Image acquisition based on ultrasound visual servoing wields a significant influence on various downstream tasks including segmentation, 3D reconstruction, and classification, all of which are integral components of comprehensive medical analysis and procedures (Zielke et al., 2022; Liu et al., 2023; Bi et al., 2022). The analysis of ultrasound radiomics features showed that the images acquired by the auto-RUSS group had the highest proportion of reproducible features, suggesting that ultrasound visual servoing-based acquisition significantly enhances feature reproducibility.

The reproducibility of ultrasound image measurement was subsequently analyzed. A thyroid phantom was utilized, and its volume was repeatedly measured. During this process, the robot employed automatic segmentation and 3D reconstruction techniques, both crucial in image analysis. The results indicated that the thyroid volume measured by the auto-RUSS was the only that has no statistically significant difference with the gold standard among all groups, and reproducibility was superior to the other groups. This highlights the advantage of the robot arm in image processing and demonstrates its potential in clinical applications, such as measurements of certain anatomical sites.

In further exploring the clinical utility of diagnostic AI models, specifically AI-assisted classification, our findings suggest that images obtained by the auto-RUSS show superior reproducibility compared to images manually acquired. The autonomous pipeline, therefore, presents itself as a transformative technology with the potential to significantly enhance ultrasound image reproducibility and lessen operator dependence. This comprehensive approach not only alleviates the workload of ultrasound physicians but also bolsters the efficiency of the examination process. The auto-RUSS can assist physicians in accurately positioning the ultrasound probe, measuring lesion sizes, and identifying potential abnormalities based on the AI analysis system, enabling more proactive and accurate detection of potential health issues.

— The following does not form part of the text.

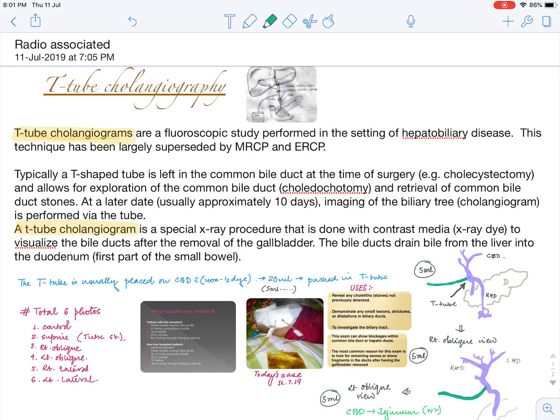Hello guys, this is Shubhisheesh. Today we will be starting off a new topic: T-tube cholangiography. This is a new topic in the sense that it's a procedure used in surgery and uses the facts of radiology. Most of the time when we are seeing cases in our OPD, we will see a person coming with a plate like this, and the majority of interns or students don't know anything about it.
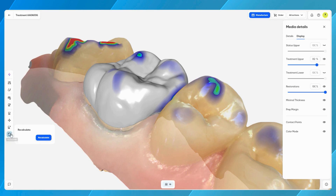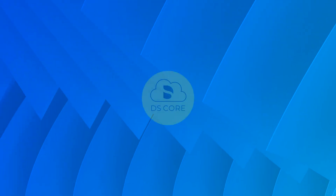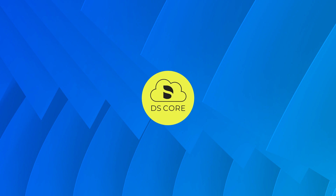Once satisfied with the restorative design, proceed to manufacture and to make the crown. And that's it. Be sure to check out the What's New section to learn about new DS Core features and functionalities. Thank you for watching.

Currently, international evaluations of ultrasound robotic systems primarily focus on single metric such as force reproducibility or the quality of acquired ultrasound images. For example, Matthew et al. assessed the stability of robotic systems by measuring the pressure exerted by the end effector (Gilbertson and Anthony, 2015b), while Jiang et al. evaluated ultrasound image quality using confidence maps (Jiang et al., 2020). Additionally, Risto et al. compared the consistency of image acquisition and measurement between human-operated and robotic systems (Kojcev et al., 2017). However, there is still a lack of standardized evaluation criteria, particularly for unified human-machine assessment of critical indicators such as force stability and image quality reproducibility. Our study offers an objective and standardized evaluation method to assess the performance of ultrasound robotic systems on these key metrics.

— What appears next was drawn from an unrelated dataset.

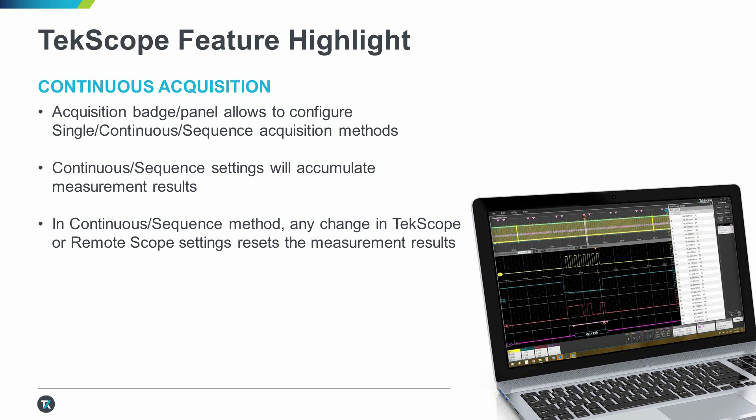A quick thing to remember is that at any point, if the settings are changed, like horizontal, vertical, or the conditions, whether in TekScope or on the actual remote scope, the acquisitions start again. Which works out great when you're just setting things up and want the flexibility to keep getting waveforms, without having to hit that acquire button each time.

The Auto-RUSS system not only provides a robust reference framework for future research but also establishes a foundation for the clinical adoption and application of ultrasound robotic systems. By automating the ultrasound scanning process, Auto-RUSS simplifies operations, particularly in resource-limited environments or high-volume clinical settings where manual scanning is labor-intensive and time-consuming. Additionally, ultrasound examinations are physically demanding for operators and often contribute to occupational health issues such as neck, shoulder, and lower back pain. Integrating such a system into clinical practice has the potential to alleviate the physical burden on clinicians. Furthermore, ultrasound diagnosis is inherently subjective, with variability in diagnostic outcomes among physicians. Auto-RUSS has the potential to address this challenge by minimizing operator-dependent variability, thereby enhancing diagnostic consistency and accuracy—both of which are crucial for reliable clinical decision-making. Additionally, by enhancing repeatability and reducing the need for rescans due to suboptimal imaging, Auto-RUSS could improve patient throughput and reduce waiting times. By enabling standardized and reproducible imaging, Auto-RUSS may also lower healthcare costs by reducing reliance on highly skilled operators and mitigating variability-related expenses associated with misdiagnoses or repeated procedures. Future research should comprehensively evaluate the system’s impact on healthcare efficiency and patient care quality to further support its clinical integration.

This study has a few limitations. First, as the volunteer included in this study was healthy individuals, human experiments were only conducted with respect to the reproducibility of force. However, we have verified the feasibility of this system in real-world settings. Future plans involve conducting further experiments on a larger and more diverse group of volunteers, including those with and without thyroid nodules, to validate the reproducibility of the system in subsequent stages. Second, this study was limited to the use of a single ultrasound machine and probe, and the effects of devices from different manufacturers were not compared, which limits the generalizability of our findings across systems from other manufacturers. Previous research has shown that using equipment from the same manufacturer can enhance study reproducibility by minimizing instrument-induced variability in feature measurements (Li et al., 2022). However, the impact of different ultrasound devices on the reproducibility of the robotic arm system remains unexplored. Future studies should investigate the performance of the Auto-RUSS system across a variety of ultrasound devices from different manufacturers to enhance its robustness and ensure its broad applicability in diverse clinical environments.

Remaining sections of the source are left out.